A few years ago, I joined a group of people headed
out to spend a week on the Outer Banks of North
Carolina. My primary objective was to set aside
time in this creative environment to begin writing a
book about God's love for each one of us that had been on my heart and mind to write. However, it soon became apparent to me that I would have difficulty setting aside any time with so many enjoyable opportunities making themselves available to me. But I did manage one evening to get away by myself and walk alone along the beach beneath the stars-studded sky.
Nothing profound readily came to my mind, so I just allowed my mind and thoughts to drift and reminisce over my past. Slowly, the memories drifted by. As more of the memories made there way to me, I felt some old shame beginning to stir within me. It was easy to see in retrospect that I had grown up in a dysfunctional family environment. Much of the unwarranted shame that my brother and I carried through life was the result of our father not owning up to his own brokenness and failings to bear the weight himself for his own shortcomings. Having abandoned us for most of our childhood years, my father actions left indelible scars of fear and anxiety within us to contend with. Tears began to well up in my eyes. How tragic! Even when we are adults we can still carry and relive such painful memories of things that took place so many years ago! So, here I was, finding myself, again, being robbed of enjoying the moment because of underlying fears and anxieties. Looking above, I looked deeper, beyond the stars that I saw, seeking help from a greater source than I could empower from myself- I sought out God.
"Okay, God," I pleaded, "I need to see your love for me in a different way. Provide for me a paradigm shift in my thinking. Because frankly, if I am being really honest, here, I feel like I am in a boxing ring with you and you are in the opposing corner keeping tabs on my good's and my bad's. And I feel that if I screw up just one to many times, that you, too, will throw in the towel like my dad and climb out of the ring and give up on me." Well, nothing revealed itself to me that that night. No audible words that suddenly descending from on high. No sudden enlightenment. I found myself alone with only the sounds of the waves to console me. and keep me company. I was grateful, at least, that no thunderbolt was sent to strike me down for questioning God and expressing my hurts and insecurities. I left the beach that week clearly disappointed with the silence I experienced.

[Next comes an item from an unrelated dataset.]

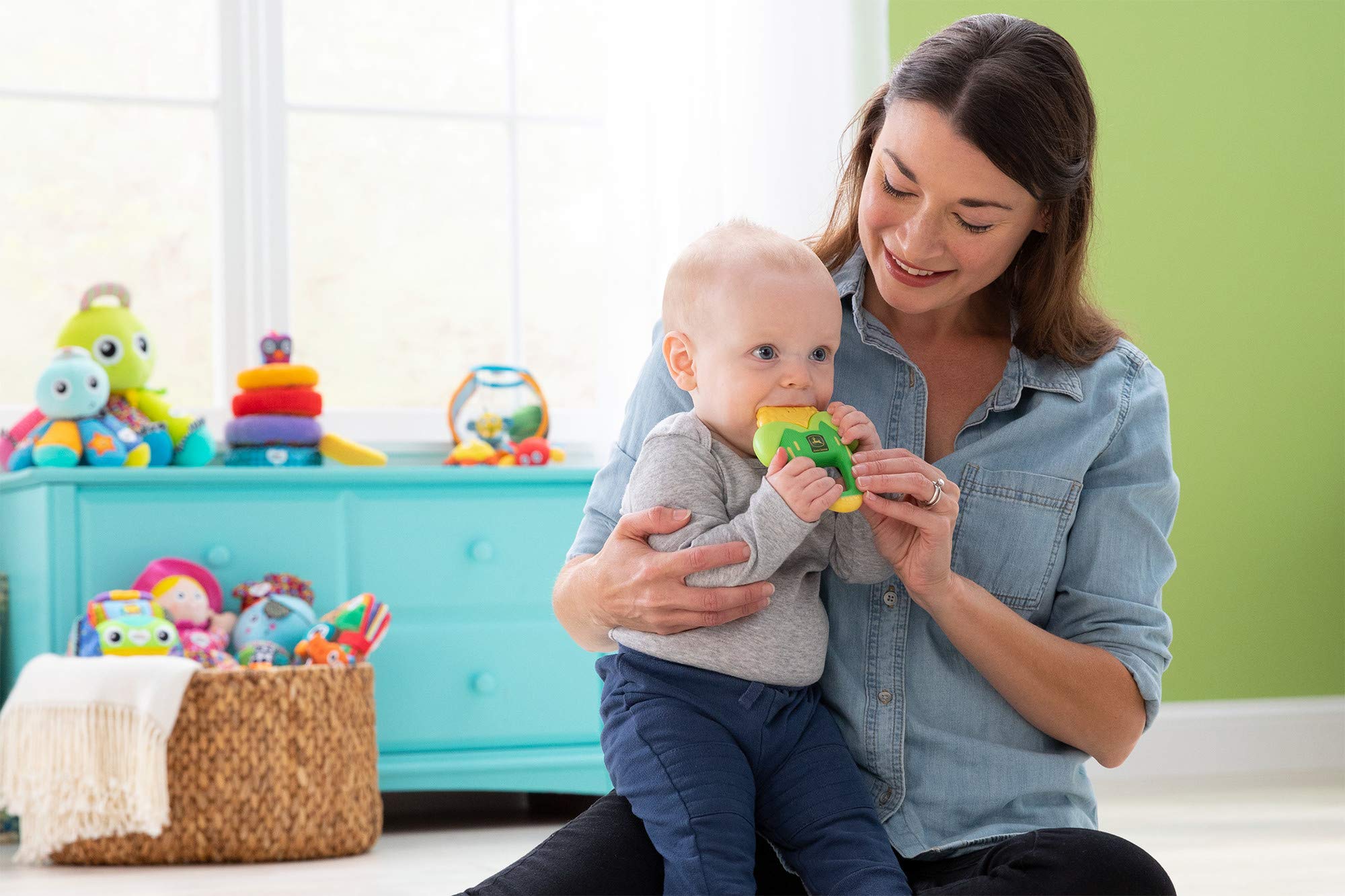 Lamaze John Deere Corn Massaging Baby Teether - John Deere Baby Teething Toy - Newborn Toys for Baby Teething Relief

But about three months later, as I way making my way somewhere, I heard a voice within me ask me this question, "Mark, what did you do to earn my love?" Clearly, God had grabbed my attention. Following a few moments of reflection I responded, "Nothing." "Then, what can you do to lose it?" was his immediate response. My mind began to ponder and meditate upon the words just spoken to me. For the next several weeks I continued to kick these thoughts around in my head. Then, in a moment of clarity and understanding, I had been given my paradigm shift. Suddenly, it occurred to me, "What if I had gotten it all wrong. What if everything about God and the boxing ring were untrue? What if, rather than being in the opposing corner against me, God was really in my corner all this time as my confidant and trainer, that He was really for me and not against me?" Tears of deep gratitude began to fill my eyes as I began to recall and reflect on some of the things that I had come across reading in God's word to us- the Bible:
"Never will I leave you; never will I forsake you."
Hebrews 13:5
"For this reason I kneel before the Father, from whom every family in heaven
and on earth derives its name. I pray that out of his glorious riches he may
strengthen you with power through his spirit in your inner being, so that Christ
may dwell in your hearts through faith. And I pray that you, being rooted and
established in love, may have power, together with all the Lord's holy people, to
grasp how wide and long and high and deep is the love of Christ."
Ephesians 3:14-18
"Who shall separate us from the love of Christ? Shall trouble or hardship or
persecution or famine or nakedness or danger or sword?
Romans 8:35
"No, in all these things we are more than conquerors through him who loved us.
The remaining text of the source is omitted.